• _WORK ORDER_
Retype word for word the stretch of entries below from the line that has "R297 - Bow Heart Ring Set" through the line that has "Voeg uw logo", and omit the pictures.

• _SUPPLIED RECORDS_
────

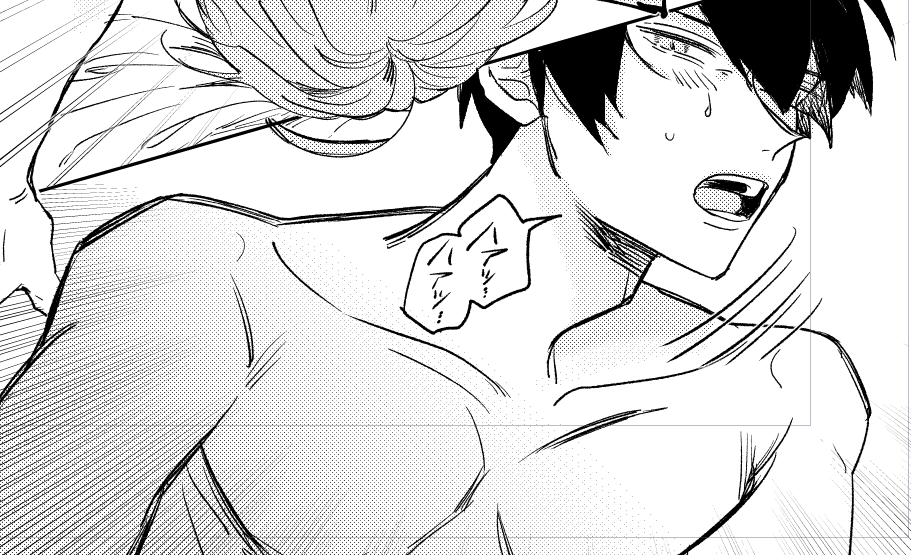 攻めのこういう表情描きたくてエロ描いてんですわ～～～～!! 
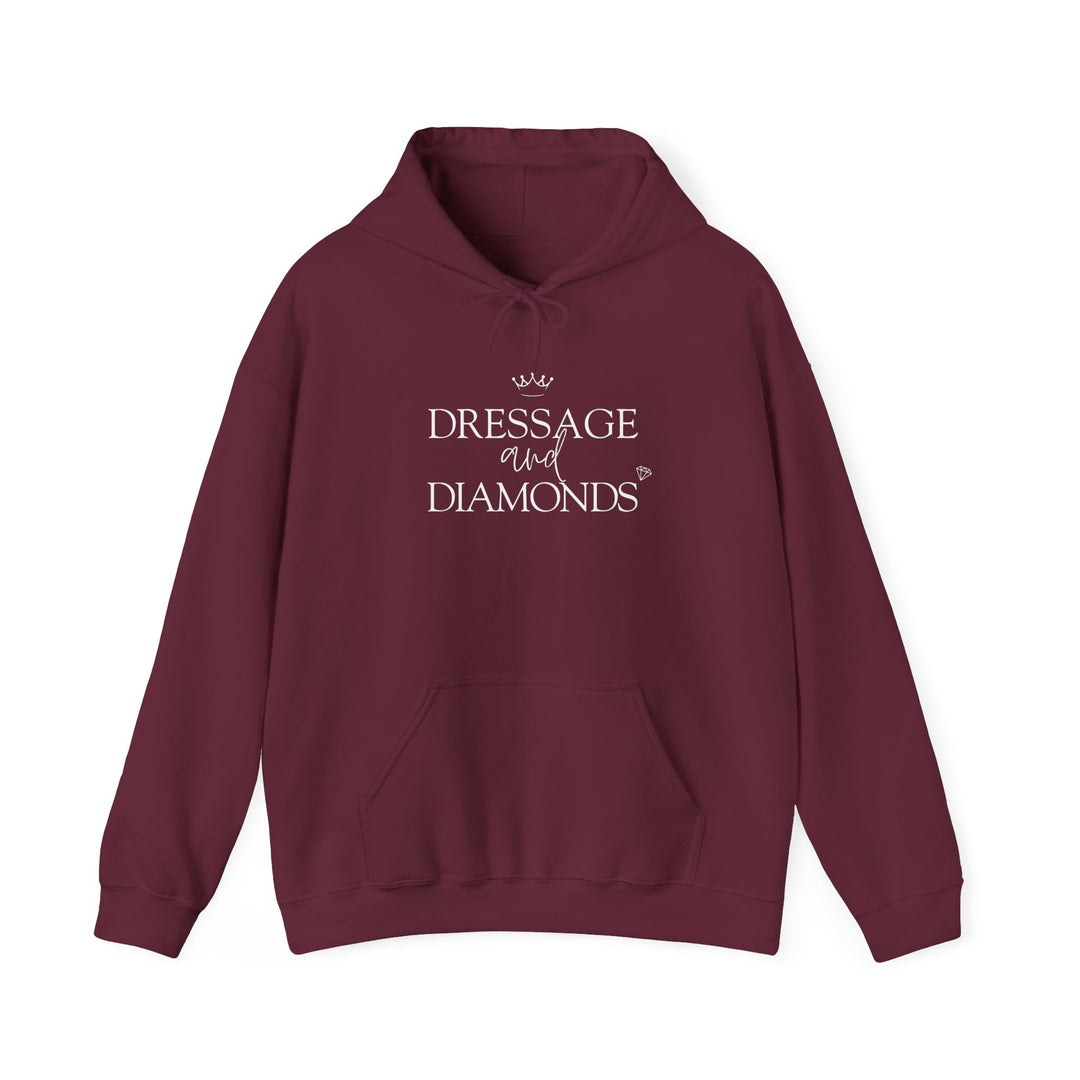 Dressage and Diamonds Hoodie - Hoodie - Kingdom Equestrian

────

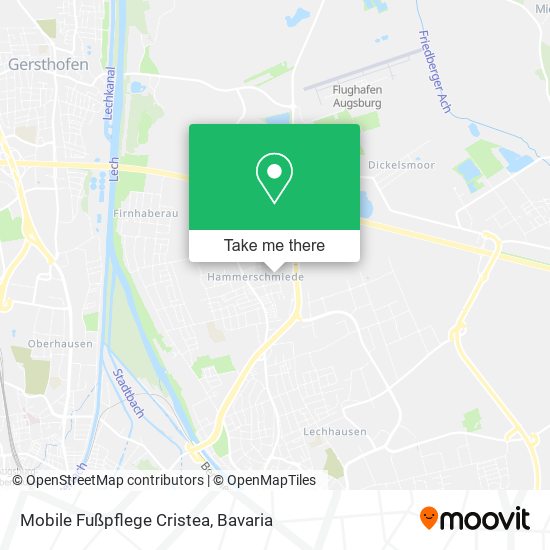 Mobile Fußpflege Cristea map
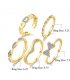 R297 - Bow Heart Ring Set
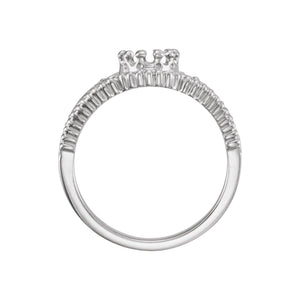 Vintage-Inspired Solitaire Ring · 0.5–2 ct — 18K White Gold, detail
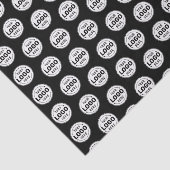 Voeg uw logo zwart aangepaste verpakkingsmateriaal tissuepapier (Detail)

────

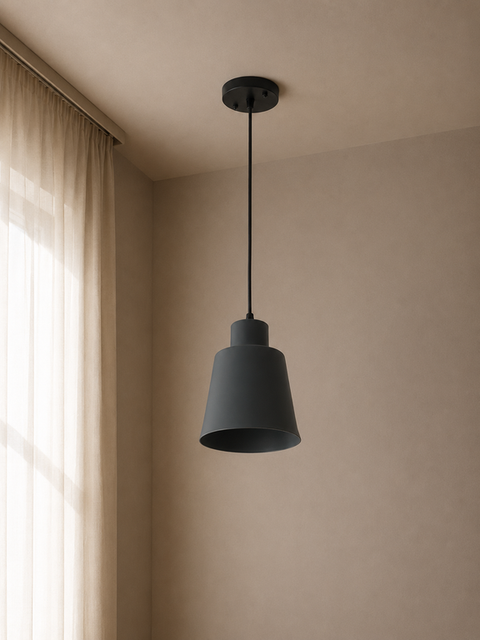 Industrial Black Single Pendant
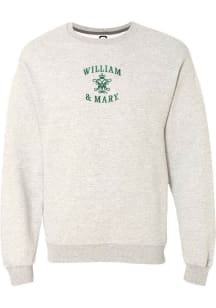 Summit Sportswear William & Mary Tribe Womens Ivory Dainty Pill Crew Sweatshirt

────

• _RESULT OF THE EXERCISE_
 R297 - Bow Heart Ring Set
 Vintage-Inspired Solitaire Ring · 0.5–2 ct — 18K White Gold, detail
 Voeg uw logo zwart aangepaste verpakkingsmateriaal tissuepapier (Detail)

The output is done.